## Problem statement
Excluding pictures, transcribe precisely the lines from the one containing "이정후가 1회초 3루" to the final line of the listing below, inclusive, and nothing more.

## Information shown
┏━━
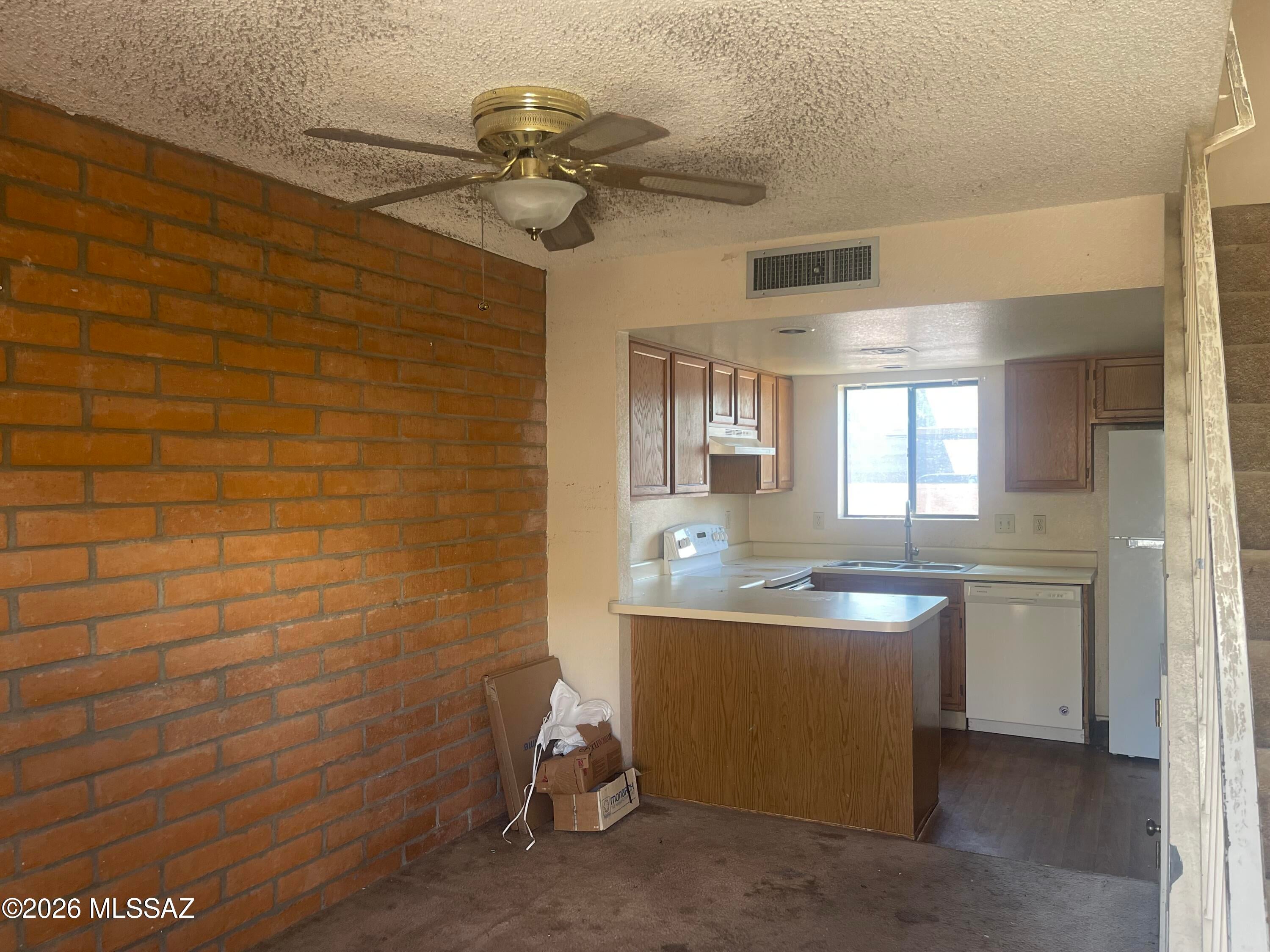 122 E Pastime Road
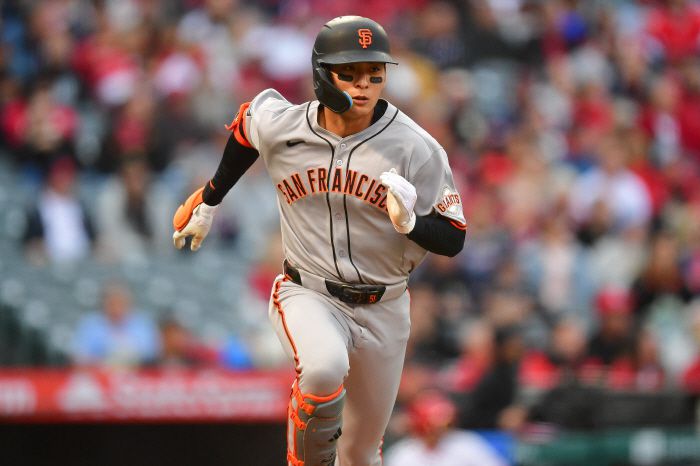 이정후가 1회초 3루 번트안타를 치고 1루로 내달리고 있다. Imagn Images연합뉴스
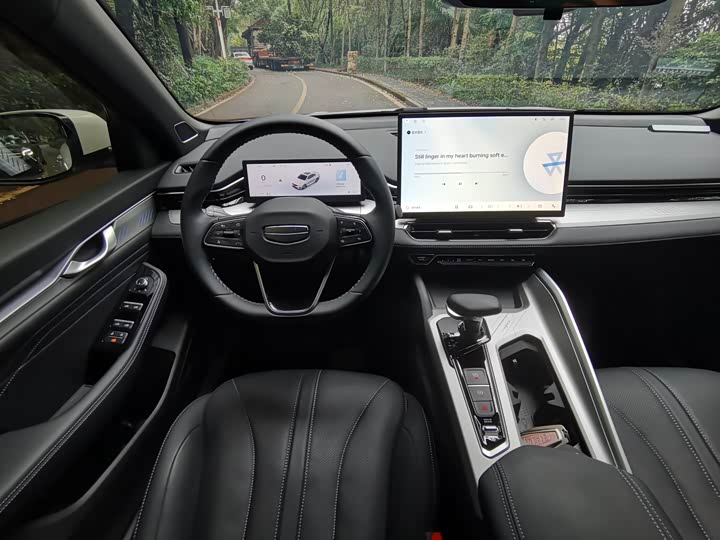 Фото 9 - Geely Preface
┗━━
## Result of the task
 이정후가 1회초 3루 번트안타를 치고 1루로 내달리고 있다. Imagn Images연합뉴스
 Фото 9 - Geely Preface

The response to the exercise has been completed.